● **Task description**:
In the copy, keep every line below as it is and leave out the pictures.

● **Provided entries**:
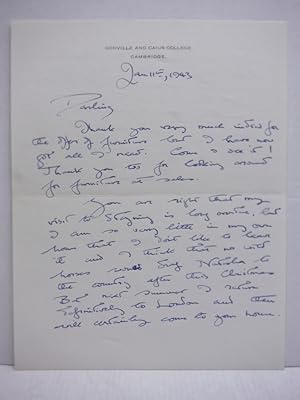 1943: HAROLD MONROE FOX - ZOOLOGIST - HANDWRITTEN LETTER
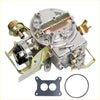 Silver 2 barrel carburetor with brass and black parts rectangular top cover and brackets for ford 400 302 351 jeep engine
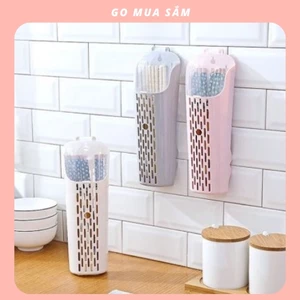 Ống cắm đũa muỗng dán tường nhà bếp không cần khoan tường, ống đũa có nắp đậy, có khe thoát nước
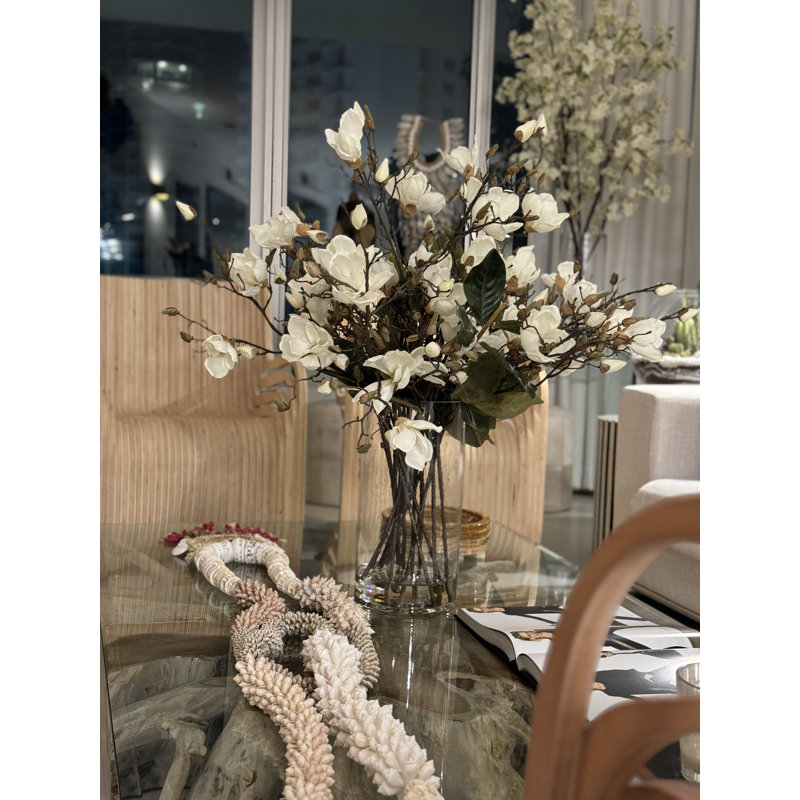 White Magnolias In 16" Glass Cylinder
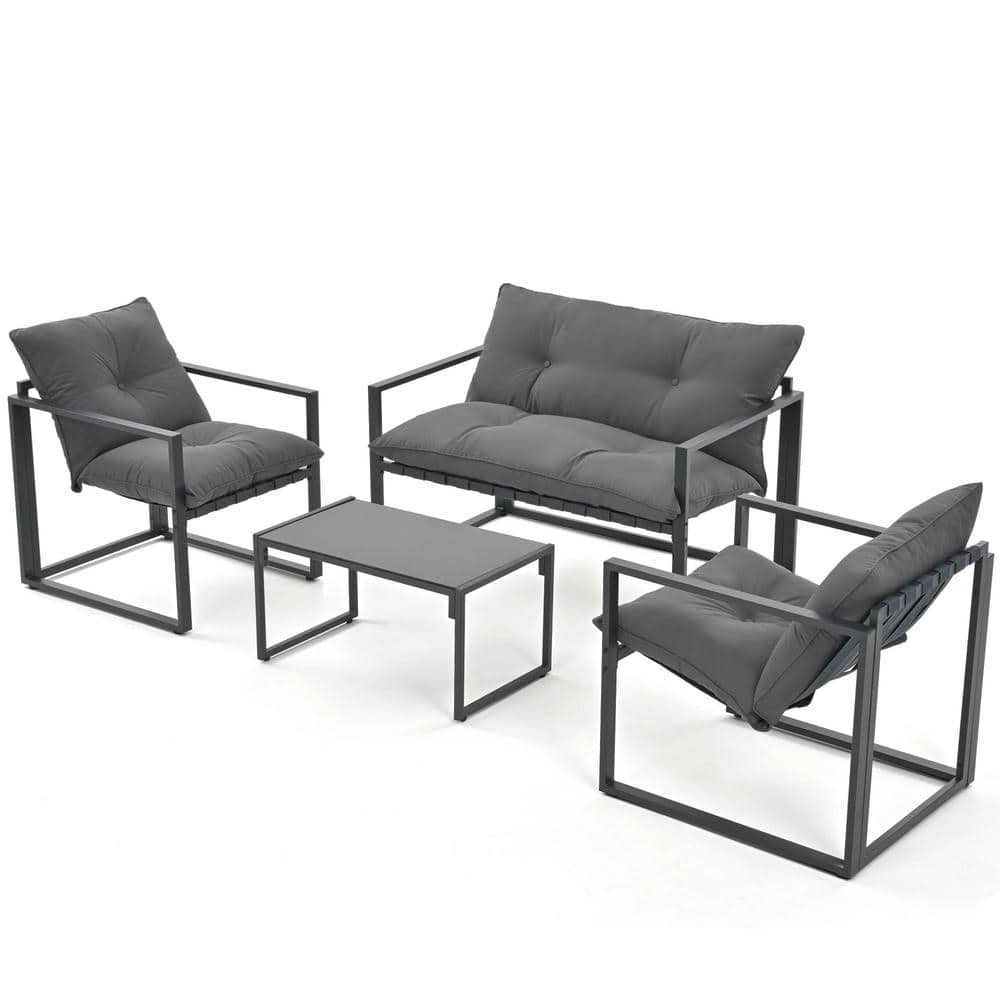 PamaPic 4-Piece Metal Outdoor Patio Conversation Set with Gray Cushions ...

● **Output of the task**:
 1943: HAROLD MONROE FOX - ZOOLOGIST - HANDWRITTEN LETTER
 Silver 2 barrel carburetor with brass and black parts rectangular top cover and brackets for ford 400 302 351 jeep engine
 Ống cắm đũa muỗng dán tường nhà bếp không cần khoan tường, ống đũa có nắp đậy, có khe thoát nước
 White Magnolias In 16" Glass Cylinder
 PamaPic 4-Piece Metal Outdoor Patio Conversation Set with Gray Cushions ...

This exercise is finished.